WHY SECULARISM IS THE MOST ABUSED WORD TODAY, by Aijaz Zaka Syed

WHY SECULARISM IS THE MOST ABUSED WORD TODAY, by Aijaz Zaka Syed
NDTV’s Barkha Dutt did a fine piece in Hindustan Times last week. Bemoaning the continuing degeneration of Indian politics coupled with the rise of the Right, she voiced eminent jurist Fali Nariman’s concerns raised in the recent National Integration Council meet in Delhi. Meeting in the wake of Muzaffarnagar riots, Nariman shook everyone with his moving intervention when he said, “I was born in a pluralistic, tolerant India, but I fear I may not die in one.”

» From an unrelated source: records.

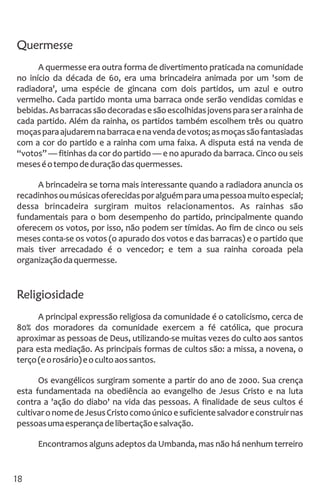Quermesse
A quermesse era outra forma de divertimento praticada na comunidade
no início da década de 60, era uma brincadeira animada por um 'som de
radiadora', uma espécie de gincana com dois partidos, um azul e outro
vermelho. Cada partido monta uma barraca onde serão vendidas comidas e
bebidas.Asbarracassãodecoradasesãoescolhidasjovensparaserarainhade
cada partido. Além da rainha, os partidos também escolhem três ou quatro
moçasparaajudaremnabarracaenavendadevotos;asmoçassãofantasiadas
com a cor do partido e a rainha com uma faixa. A disputa está na venda de
“votos” — fitinhas da cor do partido — e no apurado da barraca. Cinco ou seis
meseséotempodeduraçãodasquermesses.
A brincadeira se torna mais interessante quando a radiadora anuncia os
recadinhosoumúsicasoferecidasporalguémparaumapessoamuitoespecial;
dessa brincadeira surgiram muitos relacionamentos. As rainhas são
fundamentais para o bom desempenho do partido, principalmente quando
oferecem os votos, por isso, não podem ser tímidas. Ao fim de cinco ou seis
meses conta-se os votos (o apurado dos votos e das barracas) e o partido que
mais tiver arrecadado é o vencedor; e tem a sua rainha coroada pela
organizaçãodaquermesse.
Religiosidade
A principal expressão religiosa da comunidade é o catolicismo, cerca de
80% dos moradores da comunidade exercem a fé católica, que procura
aproximar as pessoas de Deus, utilizando-se muitas vezes do culto aos santos
para esta mediação. As principais formas de cultos são: a missa, a novena, o
terço(eorosário)eocultoaossantos.
Os evangélicos surgiram somente a partir do ano de 2000. Sua crença
esta fundamentada na obediência ao evangelho de Jesus Cristo e na luta
contra a 'ação do diabo' na vida das pessoas. A finalidade de seus cultos é
cultivaronomedeJesusCristocomoúnicoesuficientesalvadoreconstruirnas
pessoasumaesperançadelibertaçãoesalvação.
Encontramos alguns adeptos da Umbanda, mas não há nenhum terreiro
18
 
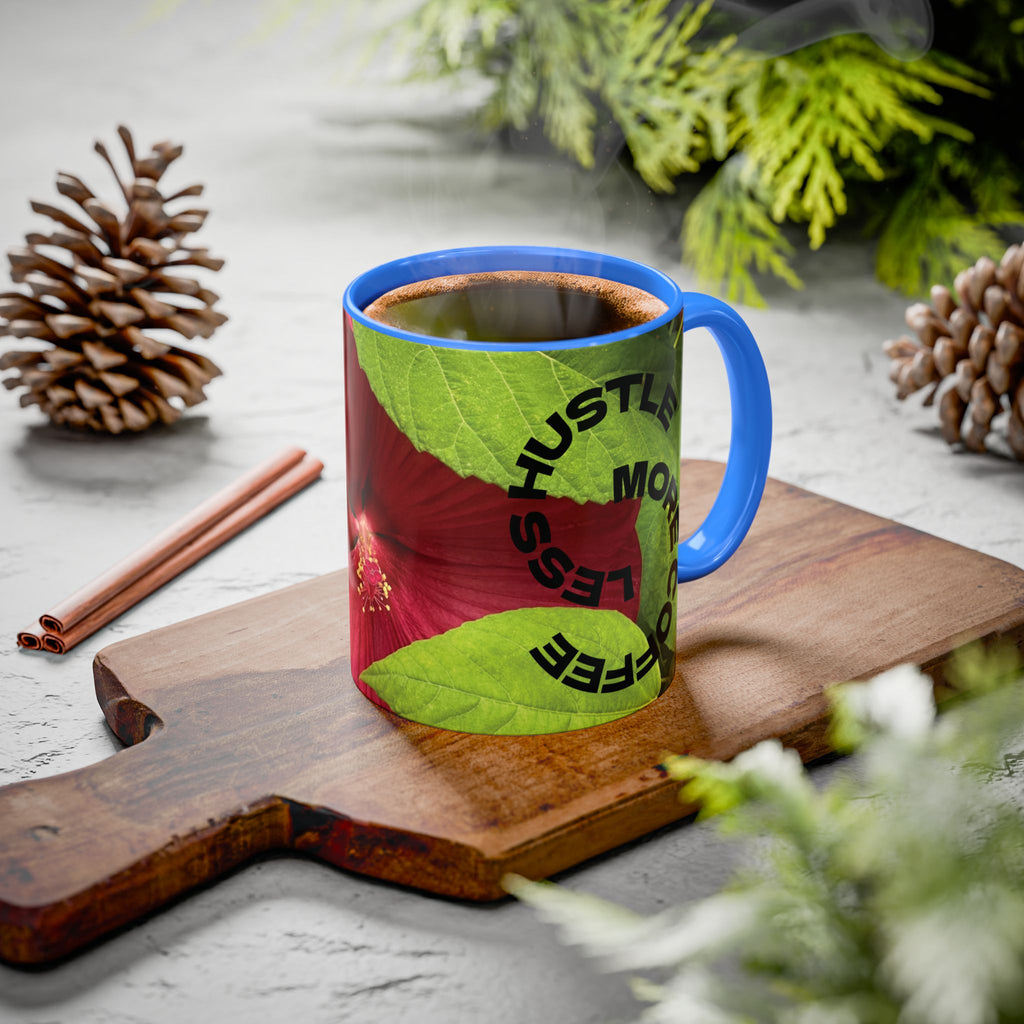 Less Hustle More Coffee Hibiscus Floral Mug (11oz & 15oz)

The feisty NDTV journalist goes on to argue that long years of political hypocrisy has weakened the idea of secularism. So much so this once lofty ideal, enshrined in Indian constitution, has become a joke and almost a curse word to be jeered at by the Right.
She blames the opportunism of politicians like Mulayam Singh Yadav, once called ‘Maulana’ for his proximity to Muslims, for this state of affairs. But let us not lose sight of the fact that it was the Congress that invented and perfected this fine art of tokenism, paying endless lip service to minorities while doing precious little to improve their lives.

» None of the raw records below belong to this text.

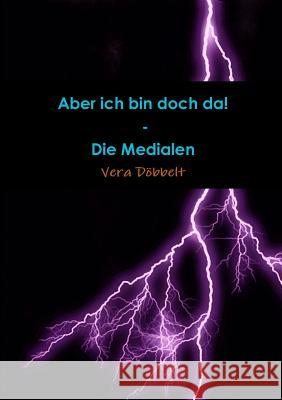 Aber ich bin doch da! - Die Medialen Döbbelt, Vera 9781326024963 Lulu.com - książka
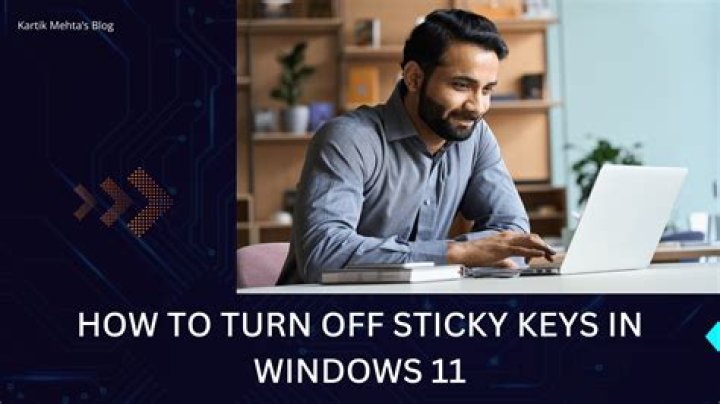 How to Turn Off Sticky Keys in Windows 11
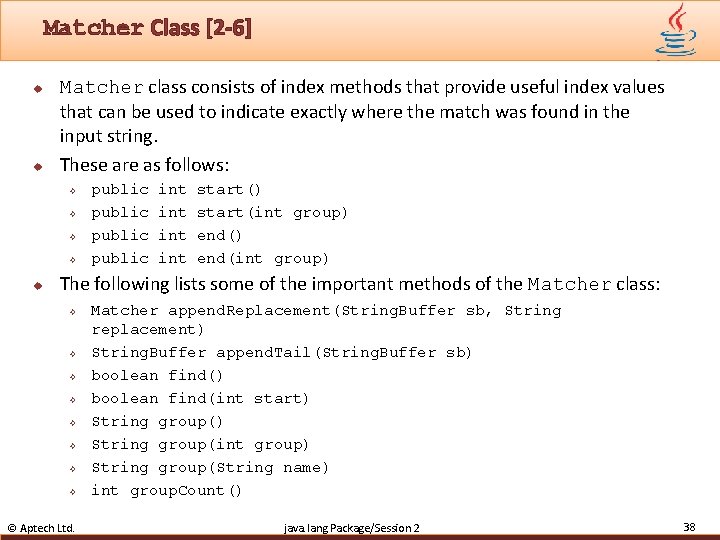 Matcher Class [2 -6] u u Matcher class consists of index methods that provide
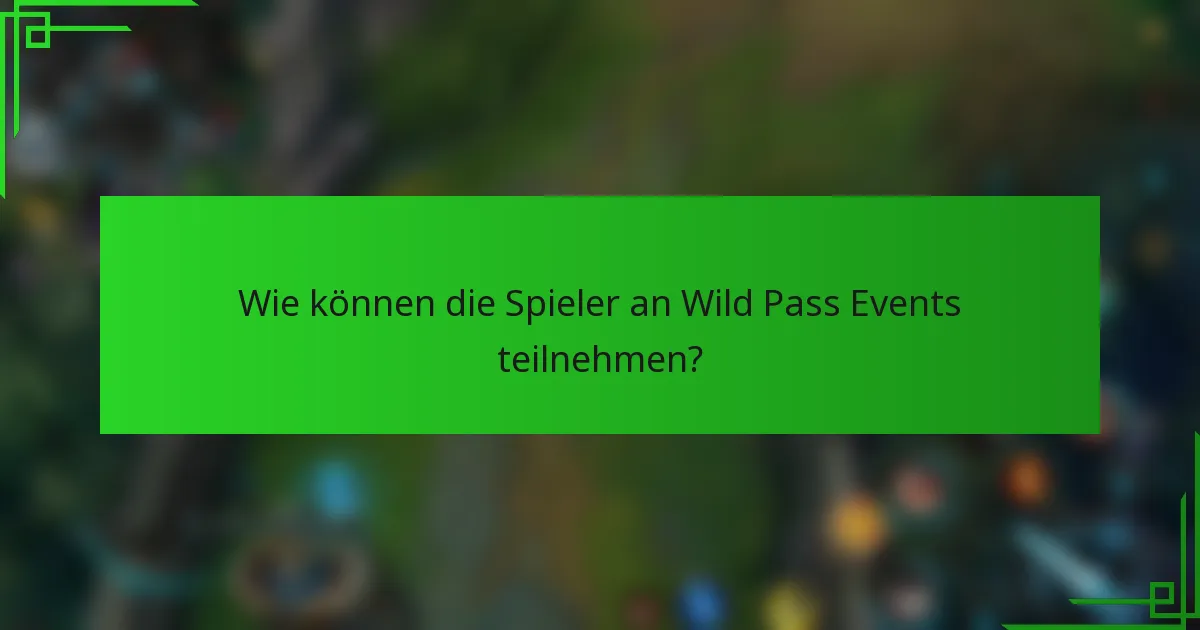 Wie können die Spieler an Wild Pass Events teilnehmen?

Apparently, it was the BJP patriarch Lal Krishna Advani who first came up with the word ‘pseudo-secularism’ to describe the Congress’ so-called appeasement of Muslims while his more ingenious protégé Narendra Modi would spell it as ‘sickularism’. And if pundits and pollsters are to be believed, he would be India’s prime minister in less than two months!
If the Right has managed to turn secularism, once the proud cornerstone of Indian democracy and its defining identity, into an expletive today, it has been ably aided and assisted by the party that has ruled India for the better part of its independent existence and other fellow travelers. They have used it repeatedly and shamelessly to cover their naked ambition and bankruptcy of principles.
Talking of the essentially self-serving nature of politics, Russian leader Khrushchev had explained that politicians are the same everywhere. But then he hadn’t seen our politicians in action. They have turned rank opportunism, shifting loyalties and ideological and political somersaults into a fine art and science altogether.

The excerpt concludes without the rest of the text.